Netanyahu appealed to his audience through comparisons between action against Iran and those against the Nazis.
“My friend, standing up to Iran is not easy,” Netanyahu said. “Standing up to dark and murderous regimes never is.”
Despite the severity of such an emotional reference, Pray said he believes the prime minister carefully considered the statement.
“I think that Prime Minister Netanyahu knows what he’s doing,” Pray said.
Still, Dann said she thinks such a broad comparison to the Holocaust was inappropriate.
Omid Safi, director of Duke University’s Islamic Studies Center, said Netanyahu’s speech was motivated by Israel’s desire to establish geopolitical power and defy international law.
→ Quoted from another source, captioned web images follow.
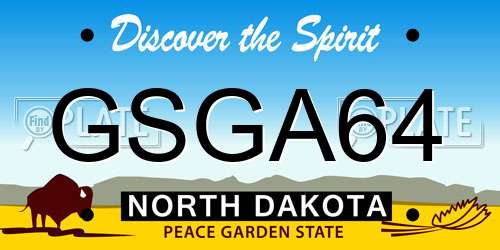 GSGA64 North Dakota License Plate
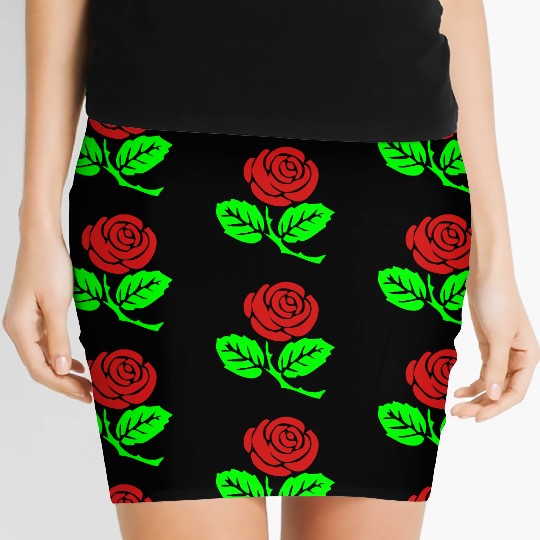 rose - flower Women's Mini Skirts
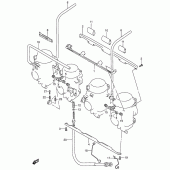 Схема вузла: З'єднувачі карбюратора для Suzuki GSX600 Katana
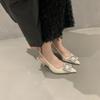 Sandalias de tacón alto estilo francés Chanel para mujer, zapatos de noche con punta y diamantes de imitación, primavera y verano 2024.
“This perspective revives the ‘dark and savage’ discourse of the 19th-century colonialism about white, civilized people schooling allegedly ‘primitive’ dark savages,” Safi said in an email.
Obama issued a response to Netanyahu’s speech in a news conference Tuesday, noting that such invitations are supposed to run through the executive branch and not Congress — and questioning Netanyahu’s alternatives to U.S. negotiations.
“Prime Minister Netanyahu has not offered any kind of viable alternative that would achieve the same verifiable mechanism to prevent Iran from getting a nuclear weapon,” Obama said.
Obama refuted the claim that stricter economic sanctions would discourage future Iranian nuclear development, citing decades of failed attempts.
Obama’s remarks come after talks with Iran dating back to 2013, when the P5 + 1 — the negotiating team of the U.S., the U.K., Germany, France, Russia and China — established its objectives. These included allowing only a peaceful nuclear program in Iran and gradually scaling back the supply of centrifuges and nuclear equipment.
But Obama assured that this policy difference between America and Israel would not endanger the nations’ alliance.
Pray said the UNC organization disagrees with proposed U.S. plans for decreasing nuclear capability but believes Netanyahu’s speech will not cause any permanent divisions between the U.S. and Israel.
“We both believe in freedom, individual liberty. That’s something that many other nations don’t have, and that’s forever forced a bond between us.”